Vacant Building Fires Persist in Fresno, City Officials Urge Vigilance
Fresno Fire Department reports 76 vacant structure fires year to date, with two significant blazes occurring within the week leading up to December 2, 2025. The incidents highlight public safety risks, potential arson and the need for stronger local attention to vacant property oversight.

Fresno firefighters responded to a string of vacant building fires across the city in recent months, with two serious incidents in the week before December 2, 2025. City fire officials said they have recorded 76 vacant structure fires year to date, a figure Deputy Fire Marshal Jay Tracy described as normal for this point in the year. The recent cases included a vacant house near the Tower District at College Avenue and Elizabeth Street that went up in flames on Monday morning, and a fire last Wednesday that heavily damaged the former Jeb's Blueberry Hill on Blackstone Avenue in central Fresno.
Investigators said the cause of the Tower District blaze remains under review, while the Blackstone Avenue fire is being treated as a suspected arson. Both events came after two other vacant homes burned in November, one in southwest Fresno near C and Mono Streets and another in southeast Fresno near Balch and Barton Avenues. Fresno Fire has yet to determine the cause of those earlier blazes.
The department emphasized that many vacant building fires involve human activity, intentional or not. "Most often, they are human-involved, meaning somebody could have started a fire. Not actually being malicious, but could've started, say a warming fire or something of that nature and then the fire got out of control," Tracy said. He urged residents to monitor known vacant structures and to report trespassers, adding "We do encourage the public to file a report on a structure that has someone in there that maybe shouldn't be in there that they know is to be vacant."
Beyond immediate safety and neighborhood disruption, repeated vacant structure fires carry broader policy implications for Fresno. Fire response and investigation divert emergency resources, raise cleanup and redevelopment costs, and can depress property values in surrounding blocks. Responsibility often falls to property owners, code enforcement, and elected officials who set budgets for prevention, enforcement and blight remediation. "We are seeing about the normal amount of vacant structure fires a year to date. We've had 76," Tracy noted, as the fire department said it does not expect an increase in such incidents as the year closes out.

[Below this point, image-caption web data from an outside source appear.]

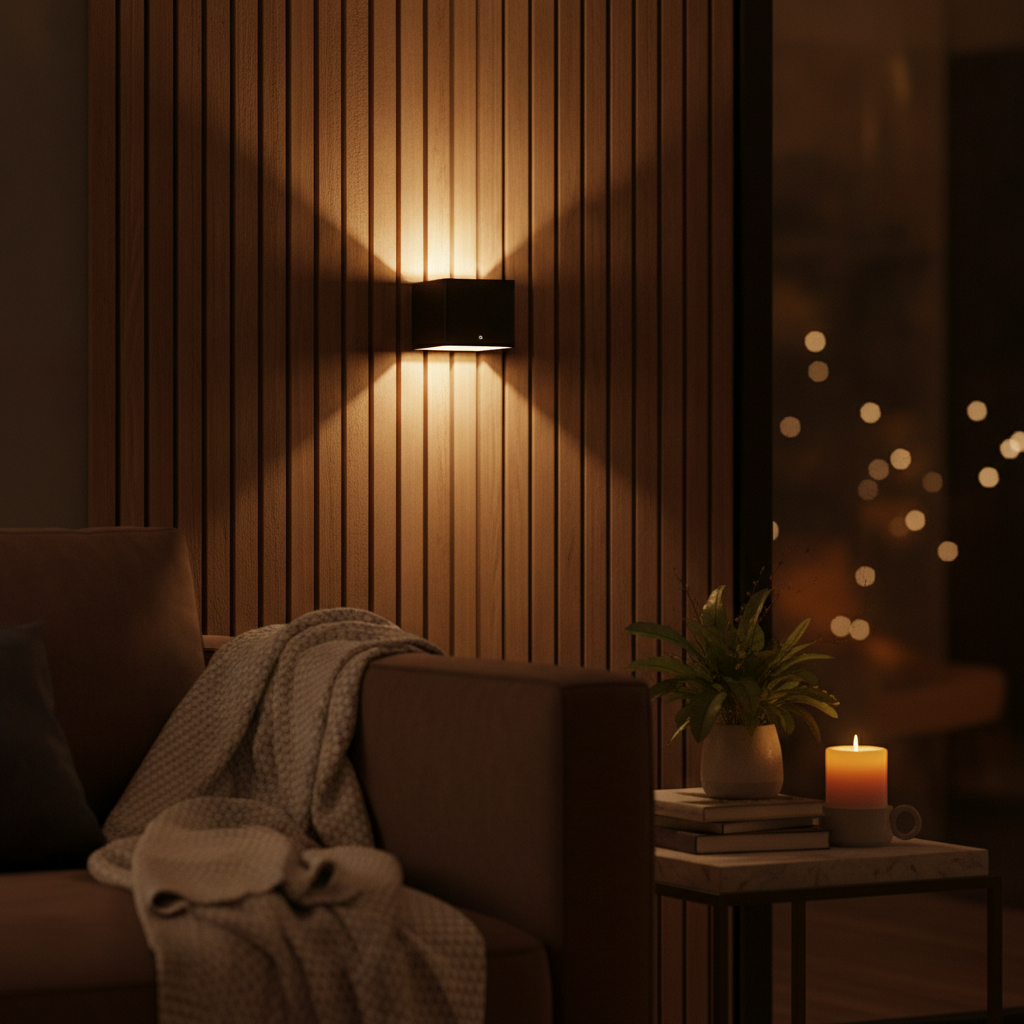 Lichtstern™ | Xejo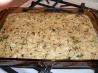 Turkey Wild Rice Casserole. Recipe by Dancer^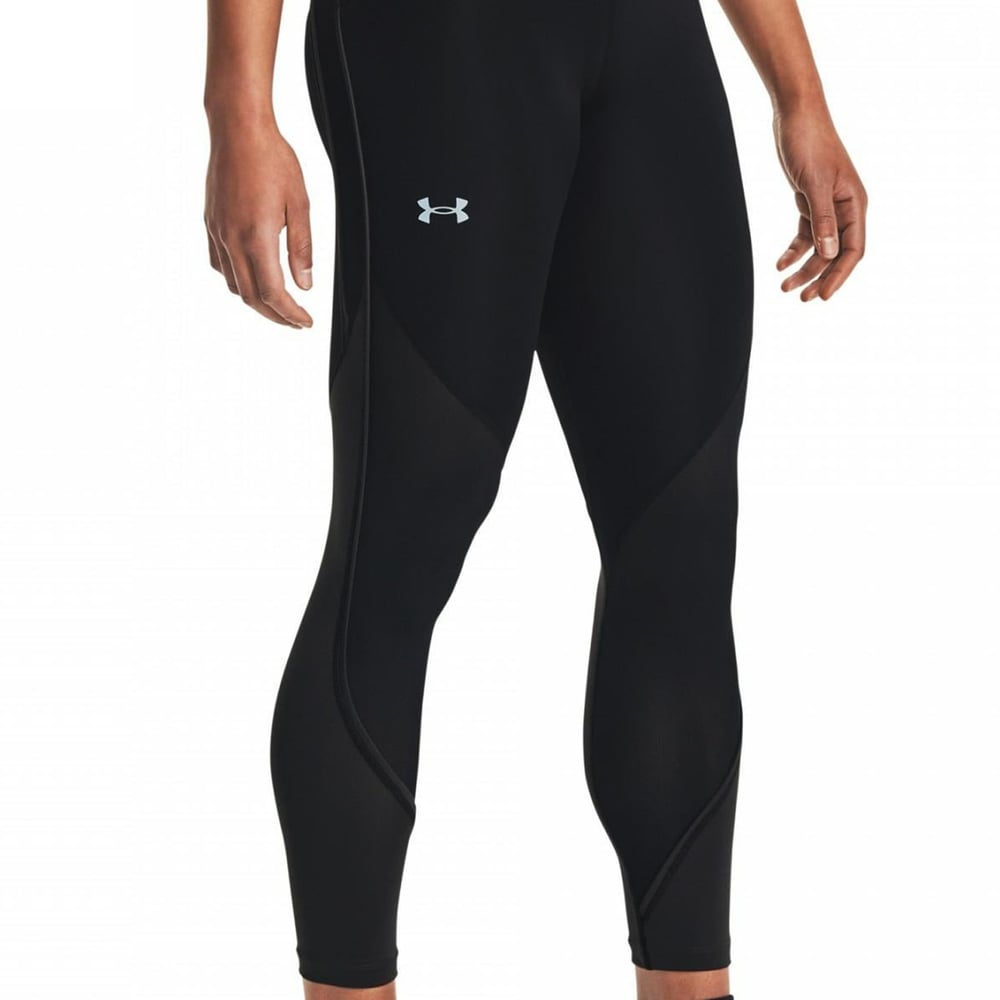 UNDER ARMOUR KADIN TAYT 1361386-001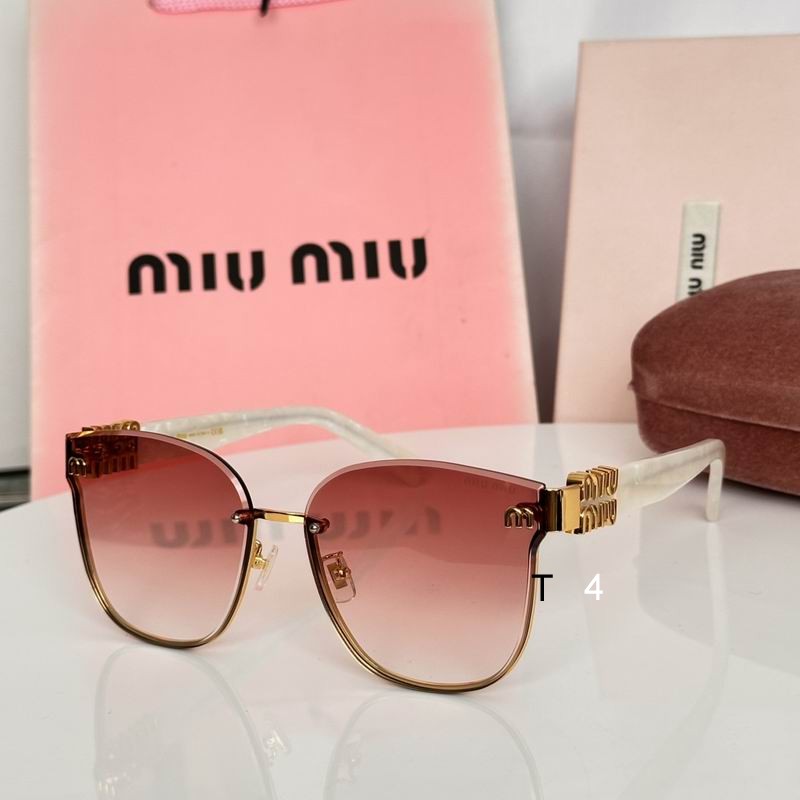MiuMiu MU61Z 61 16-145 e03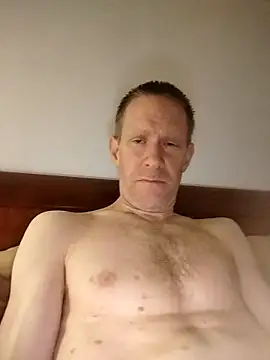 Snapshot of Blondinet92 chatting on May 2026 10:26:01 PM Blondinet92 online show from May 2026 10:26:01 PM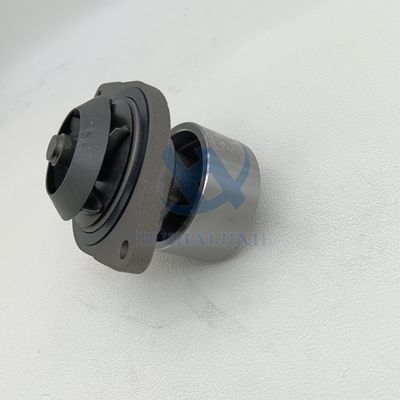 Water Pump 6731-62-1101 6731621101 for PC200-7 PC120-7 SAA6D102 SAA4D102 Engine Excavator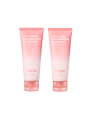 Purito SEOUL - Multi PDRN Collagen Glow Mask + EGF Serum Set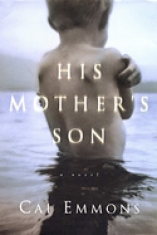 cover_mothersson_lg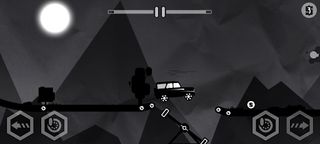 Mystery Trails - Screenshot 2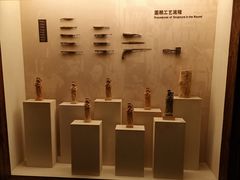 -土山湾博物馆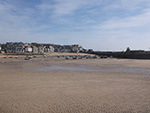 St Ives Cornwall - Spring 2016 St Ives Cornwall - Spring 2016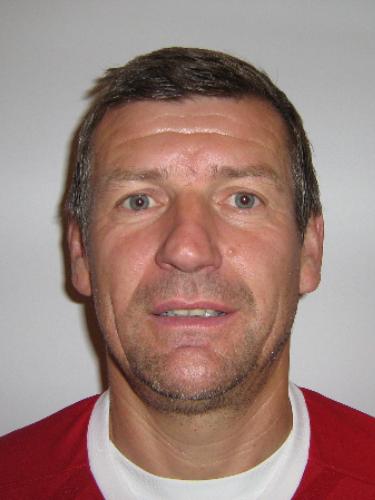 Matthias Kremer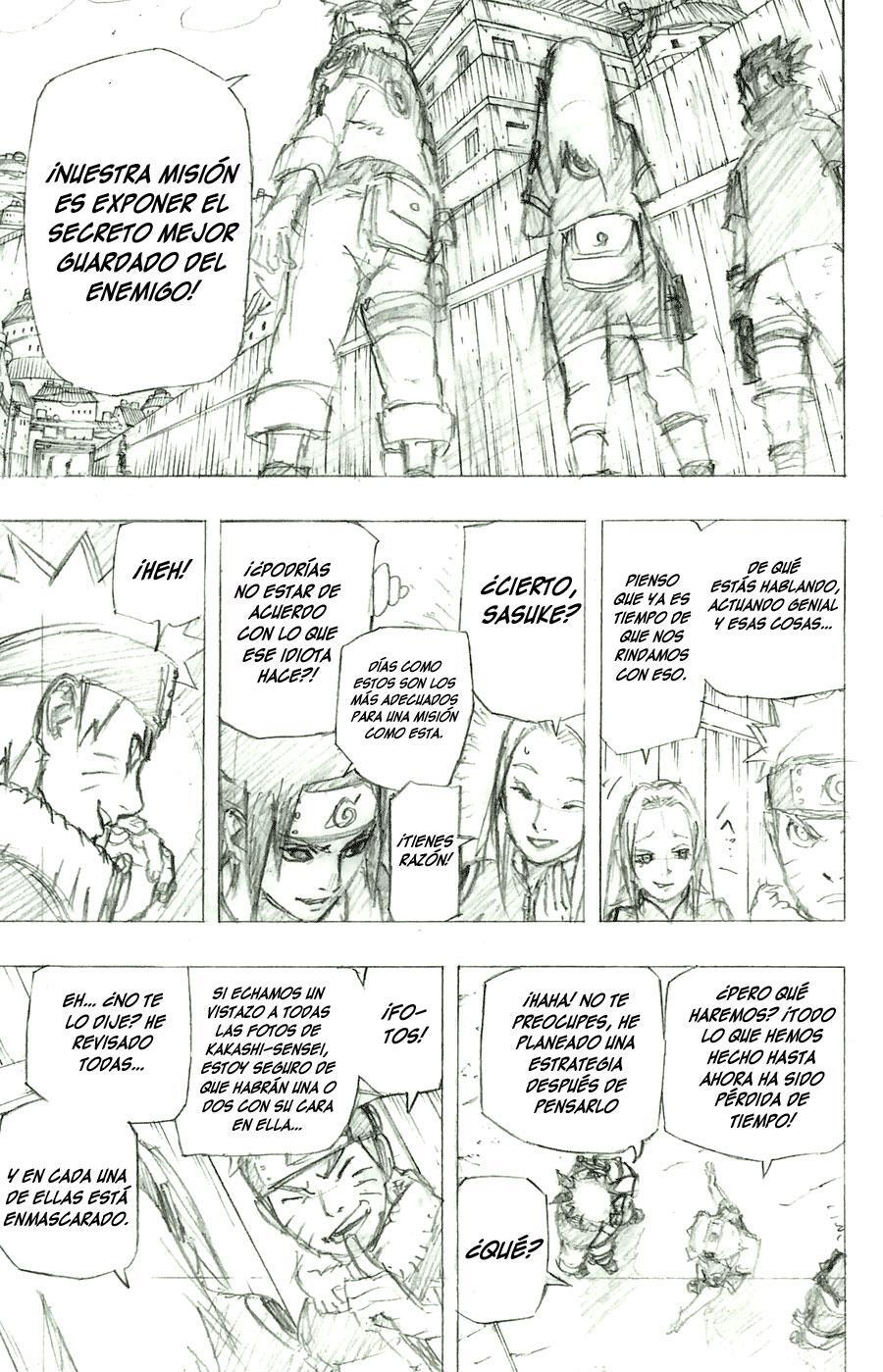 Capitulo 1.02 page 6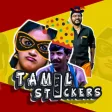 Tamil Stickers for Whatsapp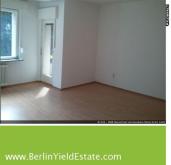 Unsere besten Immobilien: www.BERLIN-YIELD-ESTATE.COM Wohnung kaufen 12107 Berlin Bild klein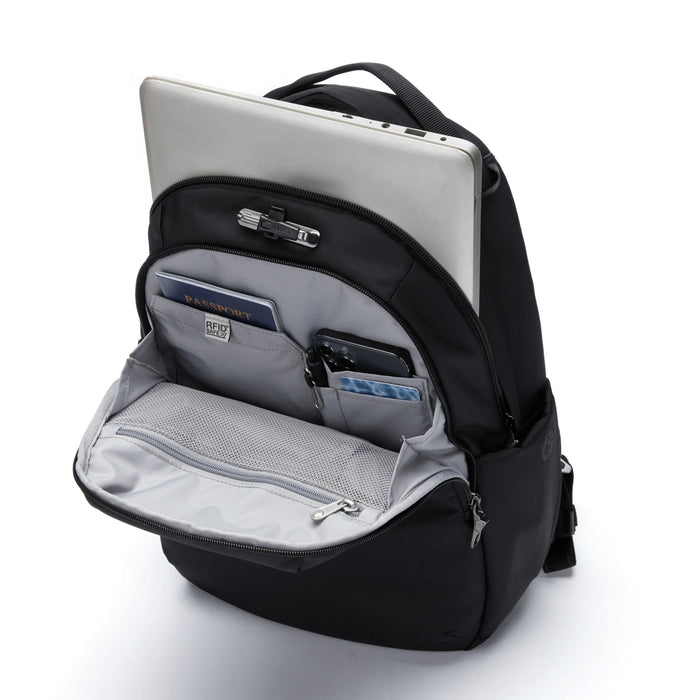 Pacsafe® V 16L All-Around Backpack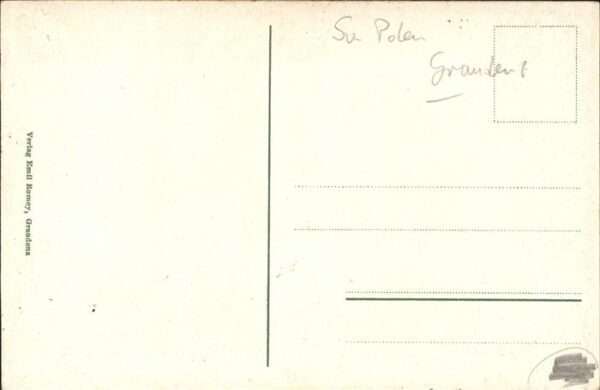 Grandenz – Bild 2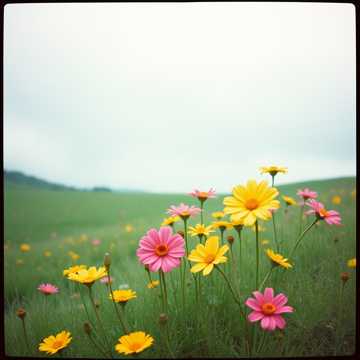 Cover of the song Violência contra a mulher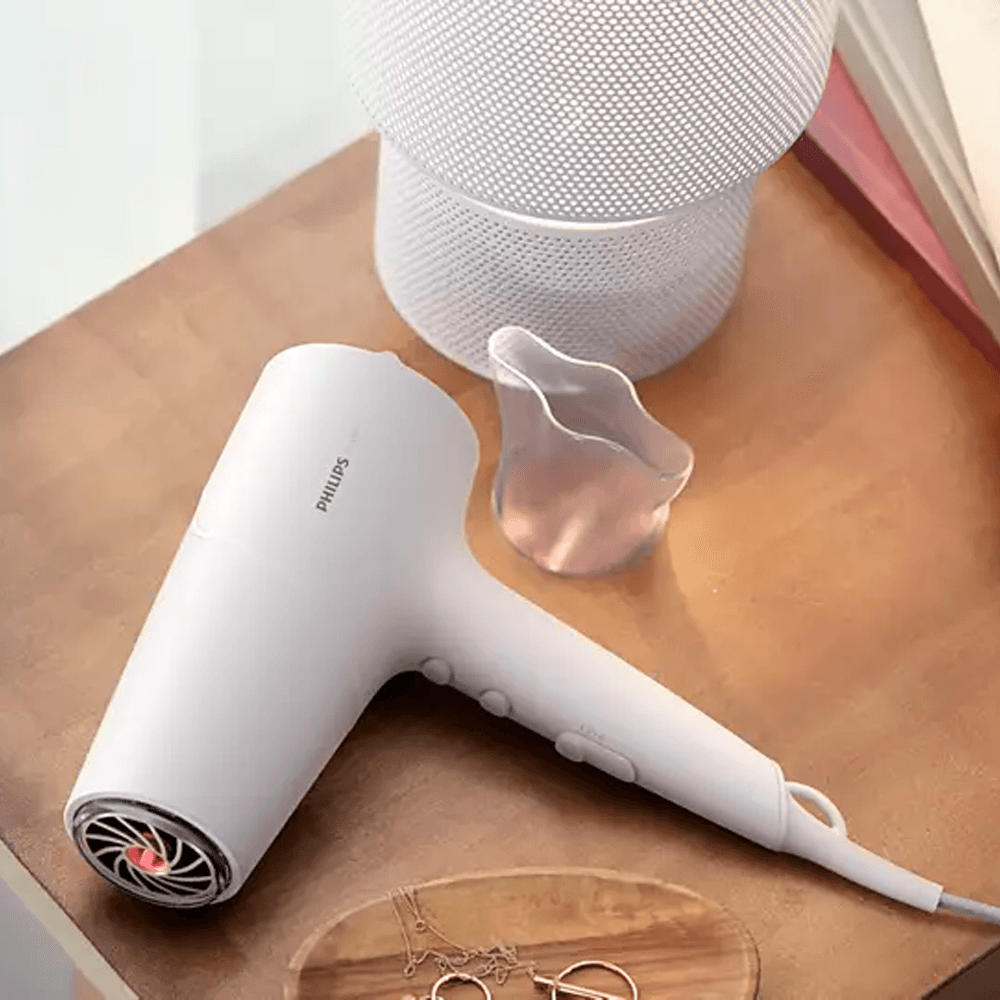 Philips Hair Dryer Series 5000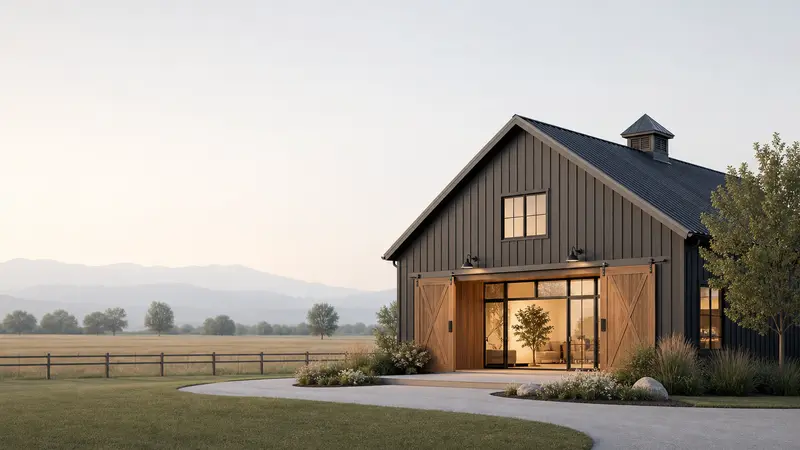 Petualangan di Ladang: Jelajahi Serunya Better Barn House Bonanza dari Pragmatic Play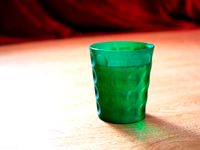 Just Another Cup by FMMT666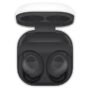 Samsung Galaxy Buds FE Powerful Active Noise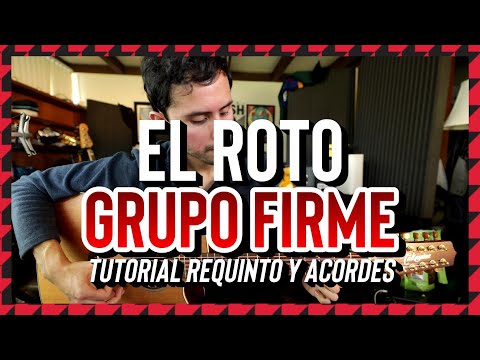 download lagu mp3 mp4 Jorge Tutoriales, download lagu Jorge Tutoriales gratis, unduh video klip Jorge Tutoriales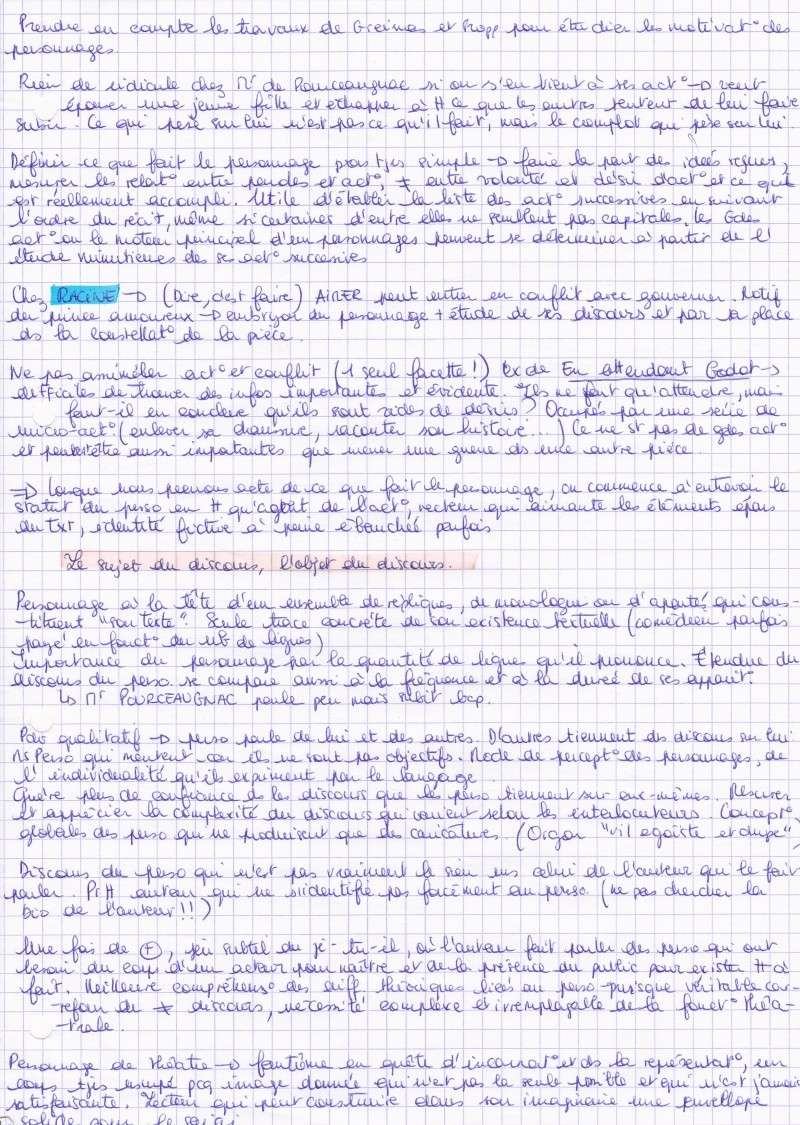 Introduction à l'analyse du théâtre Ryngaert Flo_1410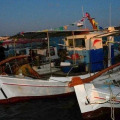 Έως τις 15 Σεπτεμβρίου, οι αιτήσεις για το πρόγραμμα των 16 εκατ. ευρώ για επενδύσεις στα αλιευτικά σκάφη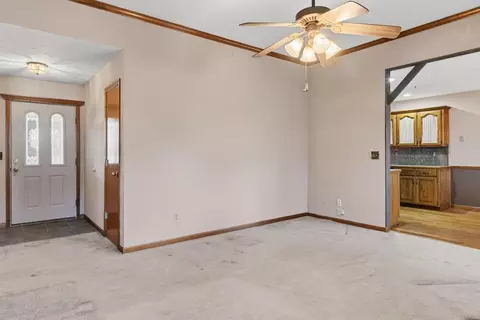 612 S Sarah Ct, Willard, MO 65781 photo 9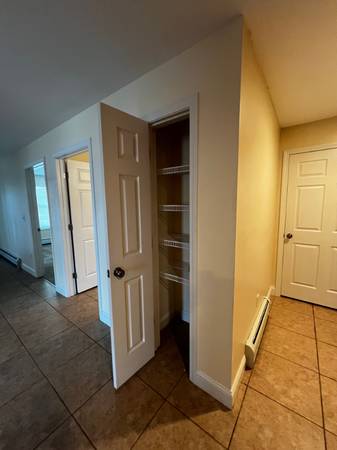 $2150.00 / 3br - 1200ft2 - Modern 3 Bed Apartment in Milton, VT | Available 08/15 | $215063784685134593124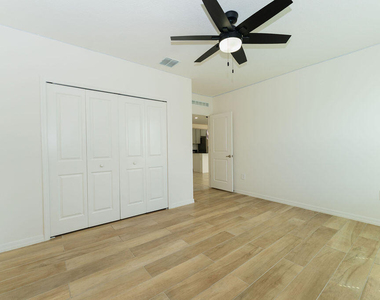 138 Sw Carter Avenue - Photo Thumbnail 34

For neighbors and community groups the incidents underscore the importance of civic engagement. Residents who document and report trespassing or unsecured vacant buildings can prompt quicker enforcement actions. Local policy choices at city council and county supervisor levels will determine funding for fire prevention, code enforcement and programs that could reduce the recurrence of dangerous vacant building fires.